Summary:
Union General Robert Schenck writes to General in Chief Henry Halleck in June,
1863, to speculate that Pennsylvania civilians confused a Union supply train
escorted by cavalry en route to Chambersburg for Confederate troops, and a panic
broke out as a result.
Received 9.25 p. m.
H. W. Halleck,
Gen.-in-Chief:
Baltimore, Md.,
June 16, 1863.
I will intermit no possible preparations or exertions, but I still have some suspicion that it was my wagon train, sent from Martinsburg with some cavalry, via Williamsport, Hagerstown, and Chambersburg, that has alarmed all Pennsylvania and the country. I have been suggesting this since yesterday morning to Gen. Couch, from whom I now hear that the advance of the train has reached Harrisburg, and that the remainder--some 200 wagons--is now between Carlisle and Harrisburg. Tyler begins to think there is no force of the enemy at Halltown.

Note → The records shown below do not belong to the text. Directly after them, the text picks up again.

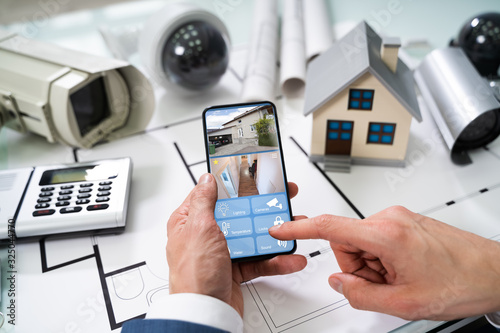 Cuadros en Lienzo Person Hand Using Home Security System On Mobilephone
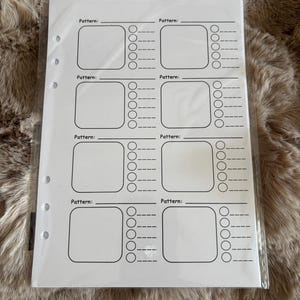 May include: A white planner insert with a grid layout for pattern tracking. Each section includes a space labelled "Pattern:" followed by a box and a series of check boxes. The insert is designed to be inserted into a binder.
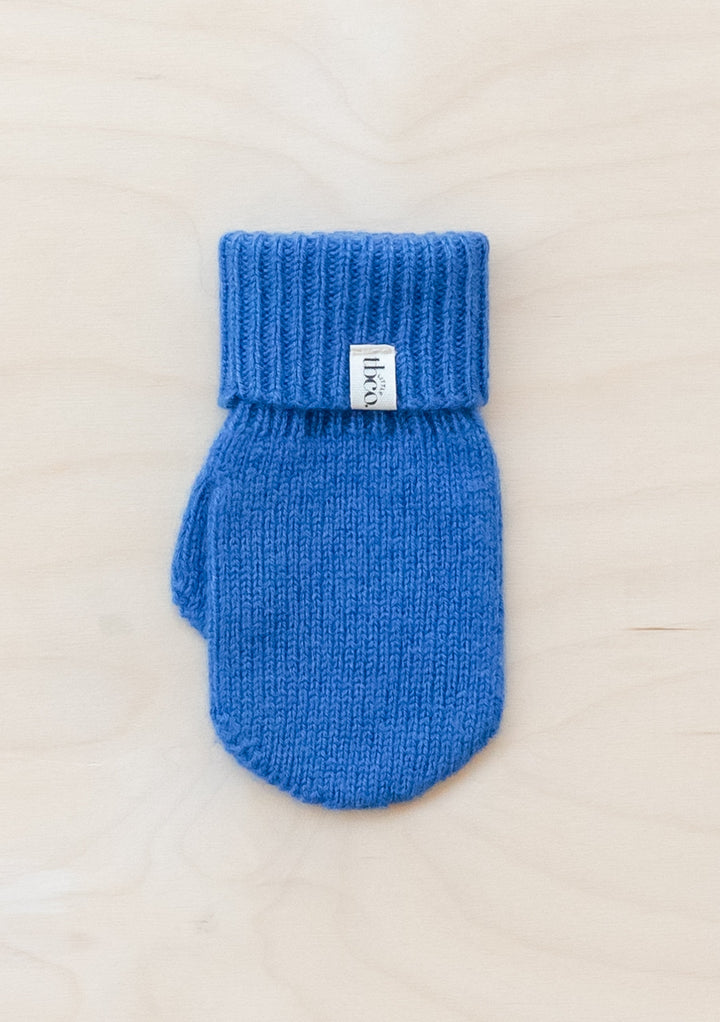 TBCo Merino Wool Kids Mittens in bright blue with ribbed cuff, showcasing classic knit pattern and brand label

May not the body of them, having cleared the Valley and broken the railroad, have gone back to help fight Gen. Hooker? I submit the suggestion for what it is worth.
ROBT. C. SCHENCK,
Maj.-Gen.
Bibliographic Information : Letter Reproduced from The War of The Rebellion: Official Records of the Union and Confederate Armies, Series 1, Volume 27, Serial No. 45, Pages 158-159, Broadfoot Publishing Company, Wilmington, NC, 1997.